Re: [PATCH] USB: musb: fix external abort on suspend

From: Alan Stern
Date: Mon Jul 24 2017 - 13:13:34 EST


On Mon, 24 Jul 2017, Johan Hovold wrote:

> On Mon, Jul 24, 2017 at 10:38:41AM -0400, Alan Stern wrote:
> > On Mon, 24 Jul 2017, Johan Hovold wrote:
> >
> > > Make sure that the controller is runtime resumed when system suspending
> > > to avoid an external abort when accessing the interrupt registers:
> > >
> > > Unhandled fault: external abort on non-linefetch (0x1008) at 0xd025840a
> > > ...
> > > [<c05481a4>] (musb_default_readb) from [<c0545abc>] (musb_disable_interrupts+0x84/0xa8)
> > > [<c0545abc>] (musb_disable_interrupts) from [<c0546b08>] (musb_suspend+0x38/0xb8)
> > > [<c0546b08>] (musb_suspend) from [<c04a57f8>] (platform_pm_suspend+0x3c/0x64)
> > >
> > > This is easily reproduced on a BBB by enabling the peripheral port only
> > > (as the host port may enable the shared clock) and keeping it
> > > disconnected so that the controller is runtime suspended. (Well, you
> > > would also need to the not-yet-merged am33xx-suspend patches by Dave
> > > Gerlach to be able to suspend the BBB.)
> > >
> > > This is a regression that was introduced by commit 1c4d0b4e1806 ("usb:
> > > musb: Remove pm_runtime_set_irq_safe") which allowed the parent glue
> > > device to runtime suspend and thereby exposed a couple of older issues:
> > >
> > > Register accesses without explicitly making sure the controller is
> > > runtime resumed during suspend was first introduced by commit
> > > c338412b5ded ("usb: musb: unconditionally save and restore the context
> > > on suspend") in 3.14.
> > >
> > > Commit a1fc1920aaaa ("usb: musb: core: make sure musb is in RPM_ACTIVE on
> > > resume") later started setting the RPM status to active during resume
> > > without first making sure that the parent was runtime resumed. This was
> > > also implicitly relying on the parent always being active. Since commit
> > > 71723f95463d ("PM / runtime: print error when activating a child to
> > > unactive parent") this now also results in following warning:
> > >
> > > musb-hdrc musb-hdrc.0: runtime PM trying to activate child device
> > > musb-hdrc.0 but parent (47401400.usb) is not active
> >
> > I don't understand this. Why wouldn't the parent be in RPM_ACTIVE at
> > this time? After all, how could the system be expected to resume a
> > child device if its parent wasn't fully active?
>
> The parent for a musb controller is a "glue" device (e.g. musb_dsps)
> which previously was always kept active, but that's no longer the case
> as mentioned above.

Even if the parent is not always kept active, it should still be active
during a system resume. Starting from the time its resume routine
runs, it should remain at full power until the system resume is
finished.

> In a system with two controllers (e.g. a Beagle Bone Black),

Do you mean a host controller and a peripheral controller?

> the host
> port may be active and keep the shared clock enabled (managed by the
> grandparent device). Thereby the external-abort crash can be avoided
> when suspending a disconnected (and runtime suspended) peripheral port.
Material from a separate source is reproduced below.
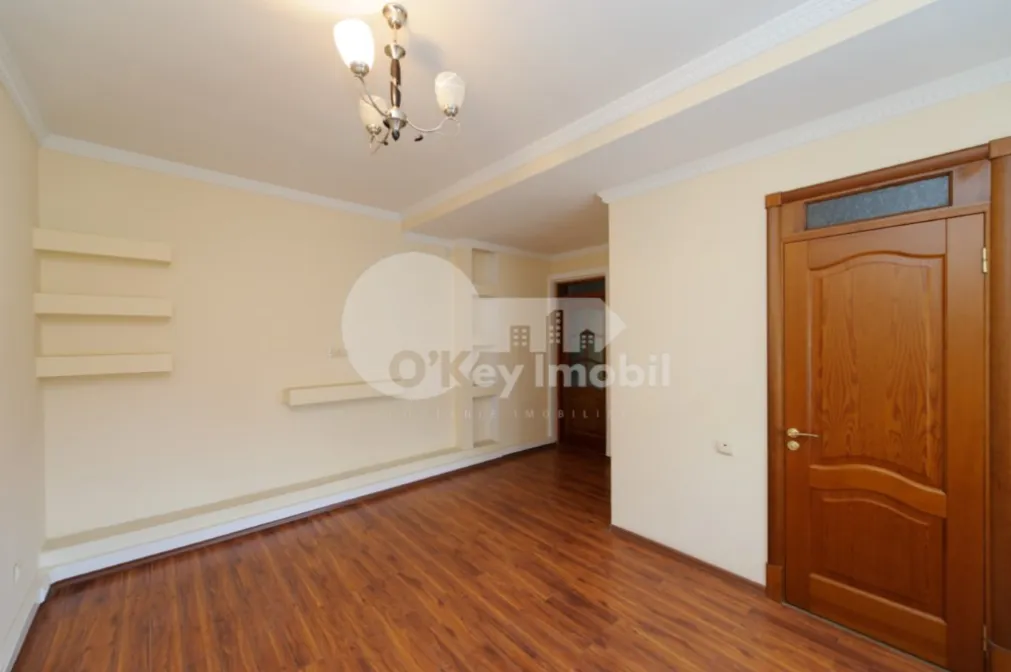 Spațiu comercial, Centru, 31 AUGUST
So what? There are lots of ways of avoiding such crashes. (Disabling
the driver entirely, for example.) They aren't relevant for this
discussion.

> When the system is later resumed, you would hit that broken activation
> code of the runtime suspended device, with a likewise runtime suspended
> parent, and the warning would be printed.

Why would the parent be runtime suspended? Why wouldn't it still be in
the full-power state, the way its own resume routine should have left
it?

Maybe I'm being slow and dumb here, but I don't see how any of this
answers the question I raised earlier.

Alan Stern


> > In general, during a system resume callback we should bring a device
> > back to full power, tell the PM core that this has been done, and leave
> > it at full power until the whole system resume is finished. For
> > efficiency we can avoid doing this in cases where the device was in
> > runtime suspend before the system suspend began, but you have to be
> > very careful about it -- see the documentation for the ->prepare
> > callback in Documentation/driver-api/pm/devices.rst.
>
> Right, this is how things should have been implemented if it is at all
> possible too keep the device runtime suspended across system suspend.
>
> Thanks,
> Johan